• INPUT FOR THIS TASK:
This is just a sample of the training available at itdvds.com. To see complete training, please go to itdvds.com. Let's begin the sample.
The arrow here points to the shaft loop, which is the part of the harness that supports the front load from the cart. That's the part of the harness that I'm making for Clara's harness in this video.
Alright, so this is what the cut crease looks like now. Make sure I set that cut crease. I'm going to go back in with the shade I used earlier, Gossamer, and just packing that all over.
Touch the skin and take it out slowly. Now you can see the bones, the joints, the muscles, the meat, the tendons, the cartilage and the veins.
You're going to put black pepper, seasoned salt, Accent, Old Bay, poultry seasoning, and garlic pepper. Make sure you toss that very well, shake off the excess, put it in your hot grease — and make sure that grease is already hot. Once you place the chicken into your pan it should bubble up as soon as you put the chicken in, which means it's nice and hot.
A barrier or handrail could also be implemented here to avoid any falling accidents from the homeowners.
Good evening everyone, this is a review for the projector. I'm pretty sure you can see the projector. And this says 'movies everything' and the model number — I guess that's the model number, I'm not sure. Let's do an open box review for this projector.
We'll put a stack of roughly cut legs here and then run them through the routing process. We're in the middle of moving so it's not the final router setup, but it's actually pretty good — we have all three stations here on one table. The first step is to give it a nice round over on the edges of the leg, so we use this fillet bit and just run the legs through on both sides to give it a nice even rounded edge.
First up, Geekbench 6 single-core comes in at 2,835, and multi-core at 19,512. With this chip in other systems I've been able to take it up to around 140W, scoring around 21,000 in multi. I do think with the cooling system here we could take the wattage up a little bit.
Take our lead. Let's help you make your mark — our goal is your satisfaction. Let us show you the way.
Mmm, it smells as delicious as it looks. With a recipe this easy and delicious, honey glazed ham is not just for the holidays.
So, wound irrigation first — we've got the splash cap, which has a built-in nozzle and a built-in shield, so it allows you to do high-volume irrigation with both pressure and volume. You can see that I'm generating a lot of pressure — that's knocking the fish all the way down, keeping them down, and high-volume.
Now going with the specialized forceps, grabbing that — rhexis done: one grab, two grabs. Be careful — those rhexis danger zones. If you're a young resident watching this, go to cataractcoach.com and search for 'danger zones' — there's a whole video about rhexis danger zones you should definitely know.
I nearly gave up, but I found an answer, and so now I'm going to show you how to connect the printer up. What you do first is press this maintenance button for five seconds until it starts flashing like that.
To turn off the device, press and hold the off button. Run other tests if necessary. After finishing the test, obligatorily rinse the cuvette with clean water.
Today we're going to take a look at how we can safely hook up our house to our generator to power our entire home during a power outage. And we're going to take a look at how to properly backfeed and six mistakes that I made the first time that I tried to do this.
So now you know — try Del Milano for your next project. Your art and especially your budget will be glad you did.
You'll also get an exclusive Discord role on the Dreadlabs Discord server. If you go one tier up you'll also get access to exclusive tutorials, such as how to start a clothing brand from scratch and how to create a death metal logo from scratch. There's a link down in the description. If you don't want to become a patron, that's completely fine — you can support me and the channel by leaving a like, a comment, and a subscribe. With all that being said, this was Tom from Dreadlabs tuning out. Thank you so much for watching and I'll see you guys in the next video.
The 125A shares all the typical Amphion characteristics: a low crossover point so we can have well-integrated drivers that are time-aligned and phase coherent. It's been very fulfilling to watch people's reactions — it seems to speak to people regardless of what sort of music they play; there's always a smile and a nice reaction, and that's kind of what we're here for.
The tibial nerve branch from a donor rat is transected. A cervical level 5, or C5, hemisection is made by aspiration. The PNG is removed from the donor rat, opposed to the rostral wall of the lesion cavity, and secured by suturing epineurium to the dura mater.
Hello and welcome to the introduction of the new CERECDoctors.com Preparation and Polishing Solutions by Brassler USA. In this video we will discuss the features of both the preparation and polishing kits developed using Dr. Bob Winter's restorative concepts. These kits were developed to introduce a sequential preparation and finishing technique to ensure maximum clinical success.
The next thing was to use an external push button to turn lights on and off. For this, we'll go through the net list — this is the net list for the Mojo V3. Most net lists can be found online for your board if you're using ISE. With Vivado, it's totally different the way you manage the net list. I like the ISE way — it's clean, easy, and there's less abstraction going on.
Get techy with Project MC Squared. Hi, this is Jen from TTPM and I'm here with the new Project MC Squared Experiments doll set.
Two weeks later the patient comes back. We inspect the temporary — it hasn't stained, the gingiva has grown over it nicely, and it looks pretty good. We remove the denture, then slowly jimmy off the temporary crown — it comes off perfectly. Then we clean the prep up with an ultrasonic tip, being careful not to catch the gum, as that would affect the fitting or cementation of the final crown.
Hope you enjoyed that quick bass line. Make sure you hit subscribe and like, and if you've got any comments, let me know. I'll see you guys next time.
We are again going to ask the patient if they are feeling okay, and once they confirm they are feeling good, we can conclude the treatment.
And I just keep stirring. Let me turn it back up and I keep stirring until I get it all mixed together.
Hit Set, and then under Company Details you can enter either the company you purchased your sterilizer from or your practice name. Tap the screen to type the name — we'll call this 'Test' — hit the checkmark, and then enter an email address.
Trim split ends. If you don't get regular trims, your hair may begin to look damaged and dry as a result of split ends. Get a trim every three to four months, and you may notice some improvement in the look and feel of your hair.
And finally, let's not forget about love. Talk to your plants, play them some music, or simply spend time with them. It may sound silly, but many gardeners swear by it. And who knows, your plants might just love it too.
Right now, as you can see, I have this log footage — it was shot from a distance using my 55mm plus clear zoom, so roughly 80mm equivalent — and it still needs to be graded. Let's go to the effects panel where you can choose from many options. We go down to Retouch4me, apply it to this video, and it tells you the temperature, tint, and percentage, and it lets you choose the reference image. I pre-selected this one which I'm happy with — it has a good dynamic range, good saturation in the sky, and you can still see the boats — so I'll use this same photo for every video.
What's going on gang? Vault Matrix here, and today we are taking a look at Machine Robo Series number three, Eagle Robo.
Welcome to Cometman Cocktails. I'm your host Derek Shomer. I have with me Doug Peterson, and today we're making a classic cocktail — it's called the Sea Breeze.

• WHAT TO PRODUCE:
Up to and including the line with "Touch the skin", print every line of the material above, starting from its first line, exactly.

• SOLUTION TO THE PROBLEM:
This is just a sample of the training available at itdvds.com. To see complete training, please go to itdvds.com. Let's begin the sample.
The arrow here points to the shaft loop, which is the part of the harness that supports the front load from the cart. That's the part of the harness that I'm making for Clara's harness in this video.
Alright, so this is what the cut crease looks like now. Make sure I set that cut crease. I'm going to go back in with the shade I used earlier, Gossamer, and just packing that all over.
Touch the skin and take it out slowly. Now you can see the bones, the joints, the muscles, the meat, the tendons, the cartilage and the veins.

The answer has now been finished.